Similarly, the Court’s approach to delay and to the irrelevance of the complainant’s occupation fits comfortably within existing principles:

  • Delay generally mitigates sentence only where:
    • It is exceptional or inordinate, and/or
    • It has caused particular hardship or prejudice to the offender.
  • Sex workers (escorts, prostitutes) are recognised as equally entitled to protection from violence and sexual assault, and it is established that they do not consent to any and all sexual touching; consent must be specific, ongoing and freely given for each act.

5.2 Escort Status as Irrelevant to Seriousness

An important confirmatory point in this case is the explicit rejection of any diminution in seriousness because the complainant was an escort:

  • The applicant’s own remark – “This isn't even a sexual offence. That girl is an escort.” – reflects the very attitude the law rejects: that sex workers’ bodily autonomy is somehow less worthy of respect.
  • The single judge stressed that:
    • The fact that the victim was an escort,
    • Her later physical retaliation against the applicant, and
    • The applicant’s previous uneventful engagements with escorts,
    did not reduce the seriousness of the conduct (para 18(a)).
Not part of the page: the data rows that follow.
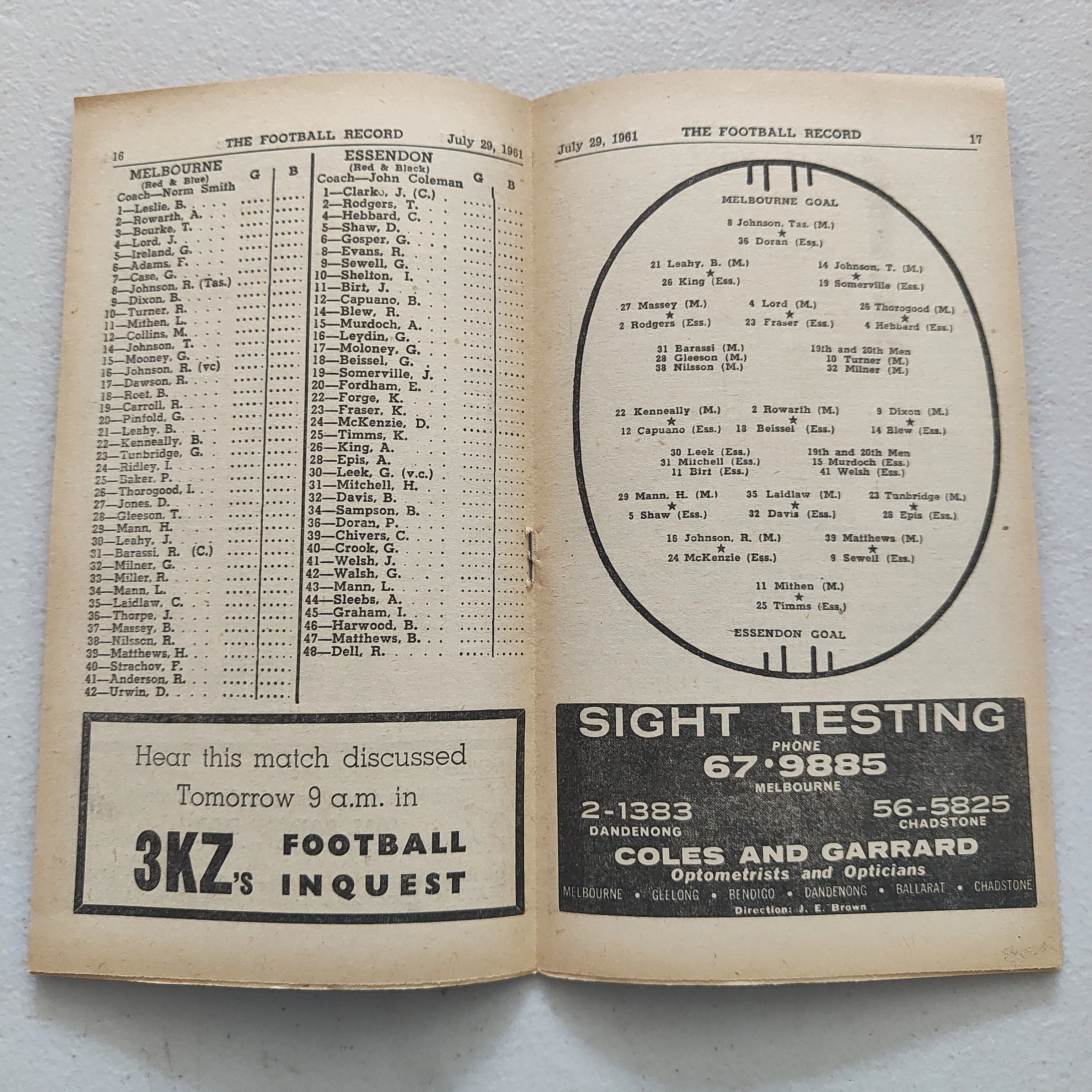 VFL 1961 July 29 Melbourne v Essendon Football Record - Image 2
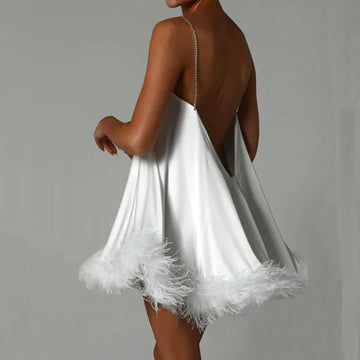 MQTIME  -  Women Solid Color Feather Trim V-Neck Chain Spaghetti Straps Sling Mini Dress Summer Sleeveless Backless vestido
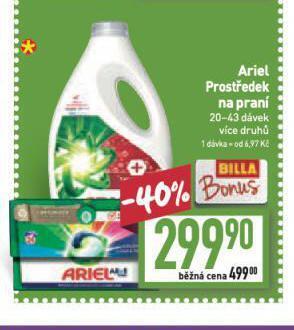 Billa Ariel prací prostředek nabídka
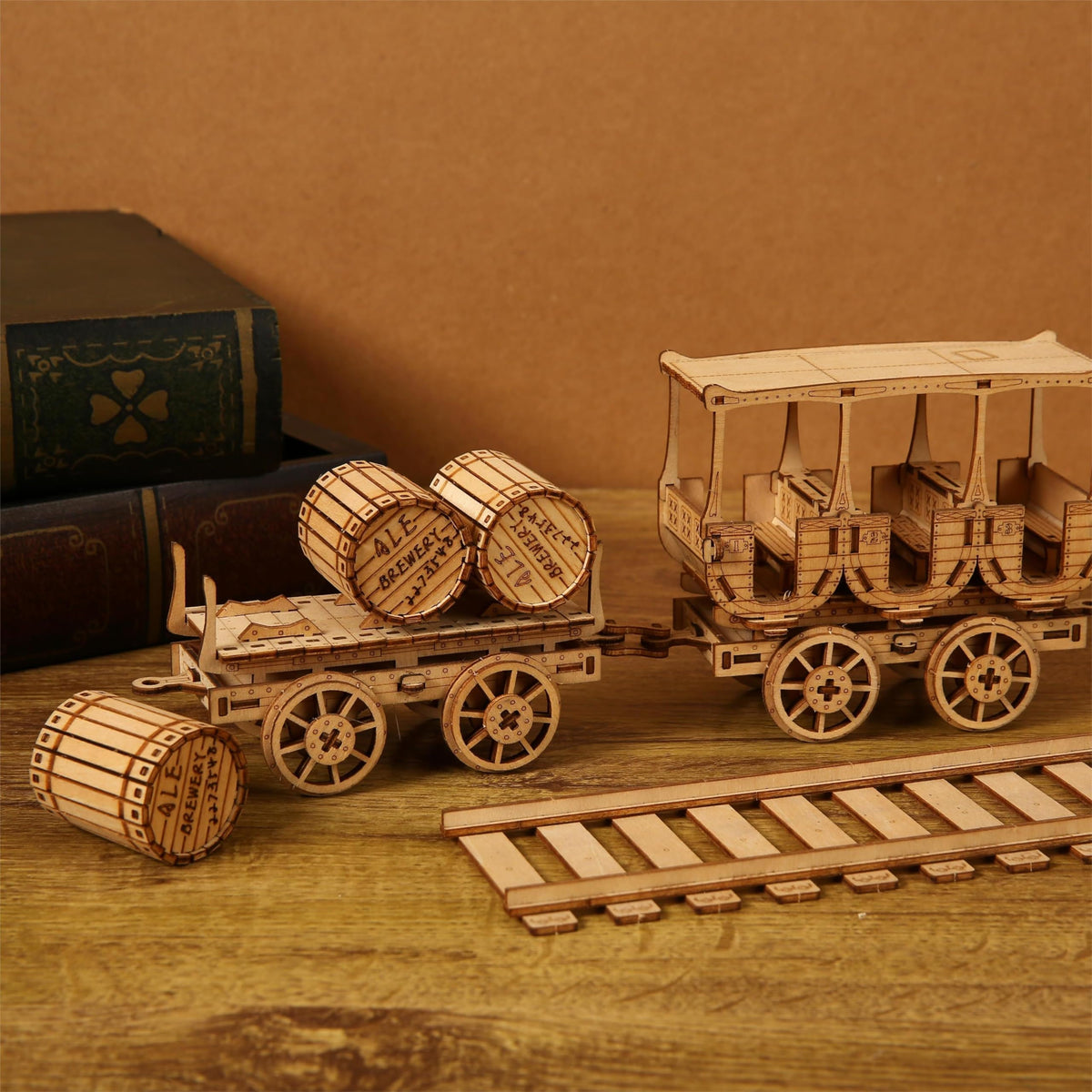 3D Wooden Puzzle for Adults, Mechanical Wine Truck Model, DIY Vehicle Model Building Kit Handicraft Wood Craft Hobbies Toy, Birthday for Hobbyist 14+ Family Women Men, 278 Pcs - style: Wine Truck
The Court of Appeal’s endorsement of this view (para 19) underscores and reaffirms a central principle of sexual offences law: all persons, including sex workers, are entitled to the full protection of the criminal law in relation to consent, violence, and sexual autonomy. Nothing about a person’s occupation licences or mitigates sexual assault.

Practically, this means:

  • Defence submissions that “it was only an escort” will find no traction in sentence appeals.
  • Judges are entitled – and expected – to treat such comments as aggravating of risk, insofar as they reveal distorted attitudes to consent.

5.3 Dangerousness and “Borderline” Cases

A central feature is the way the Court treats a PSR which described the case as:

“a borderline case as far as dangerousness is concerned, but … [he] does, in my view, satisfy the dangerousness criteria.” (para 13)

Dangerousness in this context means that the offender presents a significant risk of serious harm to members of the public through the commission of further specified offences. The decision shows:

  • A case can be borderline yet still lawfully justify an extended sentence, provided:
    • The court, having regard to all material (offence, history, PSR), is positively satisfied the criteria are met.
  • The PSR is advisory, not determinative; the judge is not bound by its precise classification.
  • Qualitative features carry weight:
    • Escalation from prior violence/property offending to serious sexual violence;
    • Misogynistic or dismissive attitudes (“she’s an escort, so it’s not really sexual offending”);
    • Total lack of remorse or insight;
    • Uncertainty as to when, if at all, the offender might be safe to release.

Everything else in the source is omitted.